PALPASYON; Kalbin incelenmesinde palpasyon daha değerli bilgiler verir. Palpasyon için parmaklar intercostal aralıklara oturacak şekilde açılarak el göğsün sol tarafına yerleştirilir. Bayanlarda, el memenin altına doğru yerleştirilir. İlk yapılması gereken kalp vuruşlarını hissetmeye çalışmaktır. Şismanlarda ve amfizemlilerde kalp vuruşları hissedilmez. Normalde vuruş hafiftir ve 2 cm’den daha küçük bir alandadır. Normal yerde apex palpe edilemezse sağ tarafta da palpasyon yapılmalı, dekstrokardi (kalbin sağda bulunması durumu) kontrol edilmelidir. Yine yukarıda örnek olarak verdiğimiz sol ventrikül hipertrofisinde apex atımı daha aşağıda hissedilir, daha geniş bir alana yayılır ve daha kaldırıcı karakterdedir.

 

PERKÜSYON; Kalp kenarlarını perküsyonla bulmak için, göğüs duvarına dayanan parmak kalp kenarlarına dik olacak şekilde yerleştirilerek, solda ve sağda dıştan içe doğru perküsyon yapılır. Yukarıda açıklanan sınırlara ulaşıldığında akciğerlere ait sonor ses değişmeye başlar ve submatite alınır. Bu noktaya “rölatif matite” adı verilir. Seslerin tam bir matite aldığı kalbin akciğerle örtülü olmayan bölümlerinin sınırlarını yansıtan noktaya ise “mutlak matite” alanı denir. Röntgen ve ultrason gibi yöntemlerin hızla yaygınlaşması ile kalbin perküsyonu kısmen önemini yitirse, Amfizem gibi kalbin matitesinde kayba yol açan hastalıkların ya da perikardial efüzyon gibi perikard boşluğunda sıvı birikmesi sonrasında kalp matite alanının genişlemesine yol açan hastalıkların sağlık ocağı şartlarında teşhisinde bir yöntem olarak değerini korumaktadır.

 

OSKULTASYON; Kalp içindeki hemodinamik ve kapakaların durumu hakkında önemli bilgi verebilen, dolaşım sistemi muayenesinin en önemli kısmını oluşturan muayene yöntemidir. Kalbin yukarıda anlatılan her odağı, özellikle apexi sabırla dinlenmelidir. Hasta konuşmamalı ve expriumda soluğunu tutmalıdır. Arada bir insprium yapmalı, sonra tekrar tutmalıdır.

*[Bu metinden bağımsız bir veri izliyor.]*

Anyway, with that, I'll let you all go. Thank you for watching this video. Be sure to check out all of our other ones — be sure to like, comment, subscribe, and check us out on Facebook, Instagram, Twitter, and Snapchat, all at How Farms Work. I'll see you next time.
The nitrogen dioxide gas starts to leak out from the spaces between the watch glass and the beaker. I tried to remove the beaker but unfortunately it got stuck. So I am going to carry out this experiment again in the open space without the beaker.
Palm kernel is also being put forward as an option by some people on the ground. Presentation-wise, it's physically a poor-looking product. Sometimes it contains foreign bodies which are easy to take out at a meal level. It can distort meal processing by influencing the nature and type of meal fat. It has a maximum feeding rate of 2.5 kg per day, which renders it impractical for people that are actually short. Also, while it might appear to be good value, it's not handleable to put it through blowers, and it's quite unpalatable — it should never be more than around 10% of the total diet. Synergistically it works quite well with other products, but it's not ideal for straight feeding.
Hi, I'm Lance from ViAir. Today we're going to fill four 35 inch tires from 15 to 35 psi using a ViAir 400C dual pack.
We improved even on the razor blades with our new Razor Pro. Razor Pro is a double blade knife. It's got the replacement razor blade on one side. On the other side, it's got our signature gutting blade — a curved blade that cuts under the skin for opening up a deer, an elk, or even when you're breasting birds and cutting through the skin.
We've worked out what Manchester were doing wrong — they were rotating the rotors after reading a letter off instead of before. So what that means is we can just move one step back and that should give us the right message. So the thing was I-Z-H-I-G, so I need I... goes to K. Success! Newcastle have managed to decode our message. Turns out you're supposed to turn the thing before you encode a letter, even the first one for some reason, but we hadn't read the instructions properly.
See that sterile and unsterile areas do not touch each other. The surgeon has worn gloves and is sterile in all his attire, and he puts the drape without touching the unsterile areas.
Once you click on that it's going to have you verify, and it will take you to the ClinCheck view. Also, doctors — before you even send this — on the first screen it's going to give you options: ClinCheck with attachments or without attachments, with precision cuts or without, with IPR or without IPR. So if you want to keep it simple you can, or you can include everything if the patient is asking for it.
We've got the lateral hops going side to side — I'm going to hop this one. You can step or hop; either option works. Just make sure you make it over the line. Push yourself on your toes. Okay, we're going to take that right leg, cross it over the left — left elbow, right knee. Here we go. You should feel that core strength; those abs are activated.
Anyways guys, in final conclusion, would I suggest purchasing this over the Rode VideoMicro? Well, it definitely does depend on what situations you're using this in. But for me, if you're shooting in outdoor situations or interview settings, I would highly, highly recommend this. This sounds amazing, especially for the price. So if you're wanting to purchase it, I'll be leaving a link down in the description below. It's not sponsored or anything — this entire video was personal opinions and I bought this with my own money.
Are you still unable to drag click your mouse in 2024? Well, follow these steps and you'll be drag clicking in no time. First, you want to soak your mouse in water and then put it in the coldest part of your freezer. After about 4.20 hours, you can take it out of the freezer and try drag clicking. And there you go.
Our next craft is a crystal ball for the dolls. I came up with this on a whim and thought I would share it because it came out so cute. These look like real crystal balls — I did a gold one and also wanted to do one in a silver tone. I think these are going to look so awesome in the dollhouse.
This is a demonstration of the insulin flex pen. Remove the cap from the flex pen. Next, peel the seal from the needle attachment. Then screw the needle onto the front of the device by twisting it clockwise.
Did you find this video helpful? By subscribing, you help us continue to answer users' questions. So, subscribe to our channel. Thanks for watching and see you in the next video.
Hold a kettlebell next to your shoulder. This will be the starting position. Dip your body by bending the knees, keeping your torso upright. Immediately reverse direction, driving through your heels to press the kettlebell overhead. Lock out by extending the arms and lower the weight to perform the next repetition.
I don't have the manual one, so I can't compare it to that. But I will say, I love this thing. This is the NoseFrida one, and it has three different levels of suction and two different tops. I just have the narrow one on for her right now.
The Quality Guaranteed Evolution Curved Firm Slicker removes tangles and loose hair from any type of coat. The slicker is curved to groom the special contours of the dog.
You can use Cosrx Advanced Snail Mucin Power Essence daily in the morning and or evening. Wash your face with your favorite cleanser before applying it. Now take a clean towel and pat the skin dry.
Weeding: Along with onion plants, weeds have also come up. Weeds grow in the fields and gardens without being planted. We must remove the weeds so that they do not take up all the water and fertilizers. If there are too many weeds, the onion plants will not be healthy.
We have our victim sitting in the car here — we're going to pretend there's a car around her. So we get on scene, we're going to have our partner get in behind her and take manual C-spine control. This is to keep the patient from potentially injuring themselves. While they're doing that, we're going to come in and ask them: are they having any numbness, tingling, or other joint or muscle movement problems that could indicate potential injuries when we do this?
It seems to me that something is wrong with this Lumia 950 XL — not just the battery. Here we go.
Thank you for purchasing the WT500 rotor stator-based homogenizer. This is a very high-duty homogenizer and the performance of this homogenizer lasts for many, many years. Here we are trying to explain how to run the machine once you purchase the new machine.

Zayıf kişilerde ve çocuklarda genellikle kalp seseleri daha kuvvetli ve net duyulurlar. Bunun dışında efor sırasında, taşikardilerde, hipertiroidide, ateşli hallerde, mitrak kapak darlıklarında da (mitral stenoz) sesler daha kuvvetli olarak duyulur.

Şişman kişilerde, göğüs kasları hipertrofik olanlarda, amfizemlilerde, pleura veya pericardium boşluğunda sıvı toplananlarda, miyokard enfeksiyonu sonrasında ise sesler daha zayıf duyulur.